▶ **Action item**
In the records below, find the line holding "Billa Croissant s párkem nabídka" and the line holding "Image de vidaXL". Set down both, with every line between them, exactly.

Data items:
----
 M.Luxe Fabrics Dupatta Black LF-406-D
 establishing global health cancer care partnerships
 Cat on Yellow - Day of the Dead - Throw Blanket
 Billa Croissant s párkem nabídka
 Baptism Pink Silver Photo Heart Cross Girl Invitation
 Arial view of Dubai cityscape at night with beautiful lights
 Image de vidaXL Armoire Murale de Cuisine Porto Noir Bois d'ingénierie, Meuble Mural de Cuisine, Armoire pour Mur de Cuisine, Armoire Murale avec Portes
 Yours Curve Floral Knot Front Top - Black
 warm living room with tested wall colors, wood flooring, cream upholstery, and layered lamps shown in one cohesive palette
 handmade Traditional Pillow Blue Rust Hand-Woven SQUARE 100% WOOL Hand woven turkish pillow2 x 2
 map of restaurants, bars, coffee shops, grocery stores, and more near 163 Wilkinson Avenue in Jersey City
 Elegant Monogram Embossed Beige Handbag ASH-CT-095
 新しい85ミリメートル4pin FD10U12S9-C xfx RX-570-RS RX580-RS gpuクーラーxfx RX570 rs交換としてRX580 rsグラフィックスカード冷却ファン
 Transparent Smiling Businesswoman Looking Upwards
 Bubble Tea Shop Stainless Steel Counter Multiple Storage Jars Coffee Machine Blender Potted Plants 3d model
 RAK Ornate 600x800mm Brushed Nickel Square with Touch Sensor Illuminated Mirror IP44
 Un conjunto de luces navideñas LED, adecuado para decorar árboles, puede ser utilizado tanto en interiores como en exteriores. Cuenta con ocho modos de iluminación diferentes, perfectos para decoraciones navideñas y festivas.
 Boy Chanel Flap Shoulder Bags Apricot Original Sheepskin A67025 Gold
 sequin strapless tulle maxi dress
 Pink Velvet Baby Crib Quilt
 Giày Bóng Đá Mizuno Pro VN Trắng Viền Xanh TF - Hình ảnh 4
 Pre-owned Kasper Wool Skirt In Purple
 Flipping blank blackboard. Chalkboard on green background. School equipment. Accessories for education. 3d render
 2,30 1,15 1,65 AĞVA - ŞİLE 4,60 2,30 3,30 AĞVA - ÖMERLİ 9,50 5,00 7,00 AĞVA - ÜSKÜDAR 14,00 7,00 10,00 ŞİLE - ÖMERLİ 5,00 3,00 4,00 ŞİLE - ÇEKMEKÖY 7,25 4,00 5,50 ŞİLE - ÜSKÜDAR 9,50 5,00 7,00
----
▶ **Your response**
 Billa Croissant s párkem nabídka
 Baptism Pink Silver Photo Heart Cross Girl Invitation
 Arial view of Dubai cityscape at night with beautiful lights
 Image de vidaXL Armoire Murale de Cuisine Porto Noir Bois d'ingénierie, Meuble Mural de Cuisine, Armoire pour Mur de Cuisine, Armoire Murale avec Portes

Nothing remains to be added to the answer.